14.7.2008
The
best indication of a terrorist outfit's failure to get out
of a cul-de-sac it fights its way into is an offer of a
truce. When it is strong and cocky, it doesn't give a tinker's
damn about peace; it unleashes hell on others. But, when
it sees the writing on the wall, it waves an olive branch
tied to a gun barrel hoping that its enemies would fall
for the trick.
This
exactly is what the LTTE is reported to have done. According
to a statement attributed to LTTE political wing leader
Nadesan, it has become amenable to a ceasefire all of a
sudden! This has come as no surprise. A ceasefire is the
only hope for the LTTE, which is being encircled in the
Wanni. The history of its armed struggle shows it sues for
peace every five or six years to gain a boost for its war
effort.
Having
carried out its first major attack on the military in 1983,
the LTTE formally entered into a ceasefire with the Premadasa
government in 1989 and their honeymoon lasted till June
the following year. After the PA formed a government in
1994, the LTTE, having lost a part of the Eastern Province
due to a military campaign by the Wijetunge government,
lured the Kumaratunga government into accepting its offer
of a truce, which it torpedoed in 1995 by sinking two naval
gunboats in the Trincomalee harbour. Prabhakaran made peace
overtures again in 2001 and signed a Norwegian drafted CFA
with the UNF government the following year.
The
last truce, unlike the previous ones which had lasted only
a year or so, dragged on despite serious violations thereof
by the LTTE for about five years. Its extraordinary life
span was due to three factors: The post 9/11 anti-terror
drive by the leading western nations and the attendant apprehension
on the part of all terrorists groups the world over, the
2004 tsunami disaster, which had a heavy toll on the LTTE
and, most of all, the benefits that accrued to the outfit
from CFA such as some legitimacy for its macabre cause through
peace talks held in foreign capitals, freedom of movement
and opportunity for arms smuggling and infiltration.
The
LTTE would still have been benefiting from its wish-granting
CFA, while violating it with impunity, having scuttled peace
talks in 2003 under the UNF government, unless the present
regime had abrogated it officially last year after the LTTE
plunged the country back into war in 2006 by capturing the
Mavil Aru reservoir.
One
may think war is the only means through which the LTTE has
sought to achieve its goal of separation. But, 'peace',
too, has become part of its strategy, as evident from the
punctuation of its war effort by ceasefires.
Until
2006, the war had been fought according to the LTTE's time
table. When it wanted war, governments responded militarily
and when it sued for peace, governments naively reciprocated
its peace offers. Thus, it was able to bring about a discontinuity
in State military policy under successive governments. In
1989, the LTTE managed to make the Premadasa regime depart
from JRJ government's and India's military campaign. In
1994/95, it succeeded in making the Kumaratunga government
abandon the military strategy of the Wijetunga regime, which
was doing something similar to what is being done by the
Rajapaksa government at present -- liberating the East and
moving northwards. (Ironically, the then Prime Minister
Ranil Wickremesinghe, who is opposing war today, was chairing
the National Security Council meetings under President D.

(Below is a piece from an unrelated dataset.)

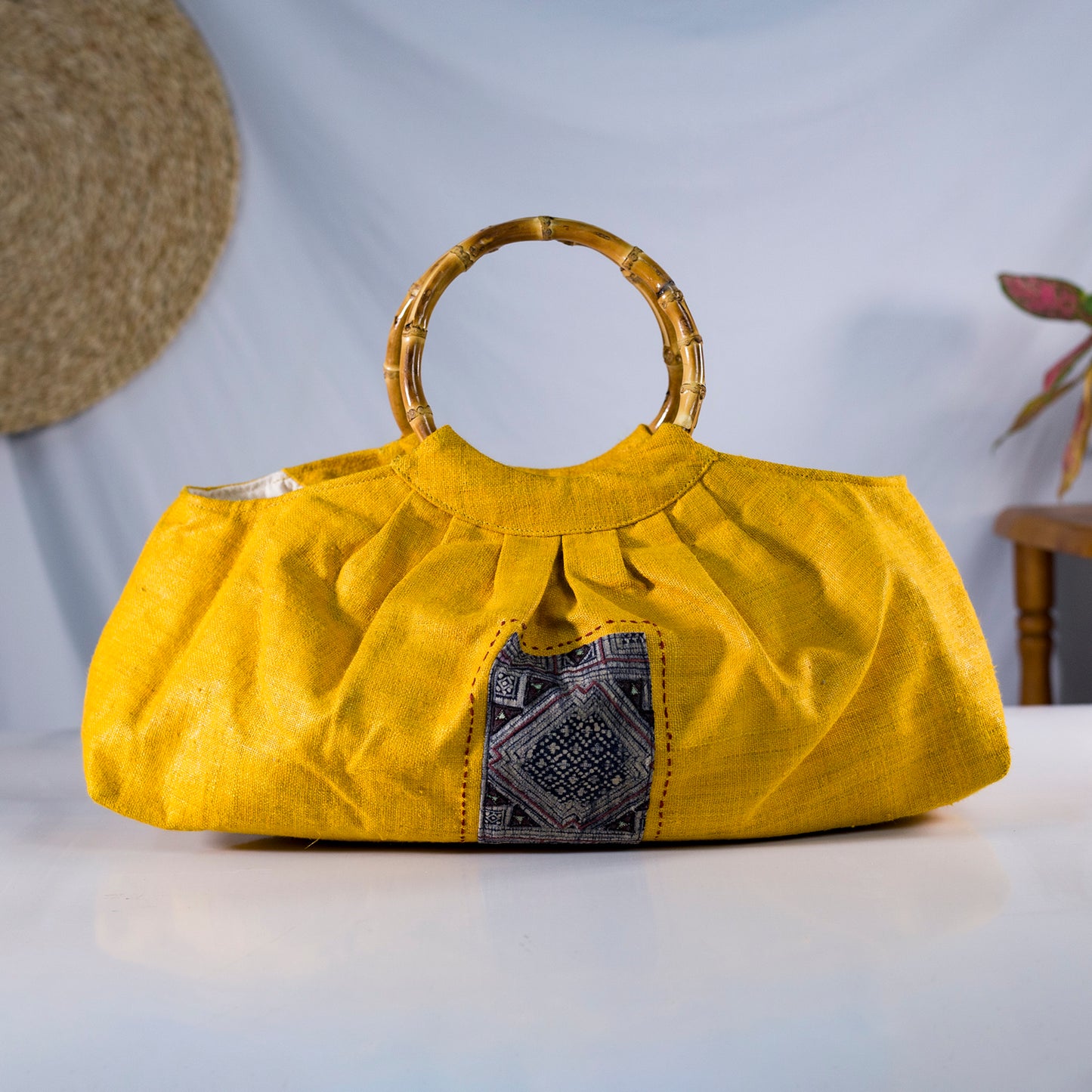 Bamboo handle bag, natural hemp in YELLOW with vintage patch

B. Wijetunge!) In 2001, after the UNF's victory, the LTTE's
peace overtures caused the Wickremesinghe government to
bid farewell to its predecessor's war effort.
The
present military campaign against the LTTE has become successful,
as it is not being conducted according to the LTTE's timetable.
The
LTTE at present is in the same predicament as the army in
1999, when the latter's camps fell like nine pins. Today,
the LTTE camps have become fixed targets vis-…-vis
a highly motivated and well-equipped army forging ahead
on four fronts. The Tigers are badly cornered with their
supply routes being blocked effectively. For the first time,
they have lost control of the East and Jaffna at the same
time and are facing an advancing army in the Wanni with
the Air Force and the Navy on the offensive.
Until
a few months ago, the LTTE boasted that the army was stretching
its legs far too wide in the Wanni and it would learn a
'bloody lesson' in time to come. But, today theLTTE supporters
have changed the tune. Now they are arguing that the LTTE
cannot be wiped out, as it has the capability to survive
as a typical guerrilla movement. They have chosen to ignore
the fact that the LTTE no longer enjoys the support of the
populace as manifest in the absence of volunteers to fight
for it. It has had to forcibly recruit the young and the
old alike as cannon fodder. As we pointed out in a previous
comment, resentment of the people under the LTTE's jackboot
is only too well known. This is what the University Teachers
for Human Rights (Jaffna) the UTHR (J) has said about the
public mood in the LTTE-held terrain: "Several LTTE
leaders who deal with the people know the extent of resentment
and the curses uttered out of their hearing. Instances of
popular jubilation have also been reported when air force
bombers hit an LTTE target. At a place 12 miles north of
the frontline, a senior LTTE leader told some friends, `Should
the Army advance this far, the people would rebel against
us!" -- UTHR (J) Special Report No: 28, Dec. 04, 2007.
Thus, it may be seen that conditions prevailing in the Wanni
are far from favourable to the LTTE.
No
wonder Prabhakaran has decided to swallow his pride and
offer a truce. The only way the LTTE can break free from
the mounting military pressure is to get a truce, regroup,
rearm and make a comeback in the areas from which it has
been banished, under the false pretext of doing 'political
work'.
The
LTTE demonstrated that it was not interested in peace making
yet another time in 2003 by unilaterally walking away from
peace talks while a robust peace process was in place with
the UNF government pandering to Prabhakaran's whims and
fancies.
The
LTTE needs to be asked some questions as regards its truce
offer: Is it willing to give up Eelam? Will it abandon its
ISGA demand? Will it eschew violence and desist from truce
violations? And is it amenable to a peace process to be
conducted according to a timeframe with independent monitors?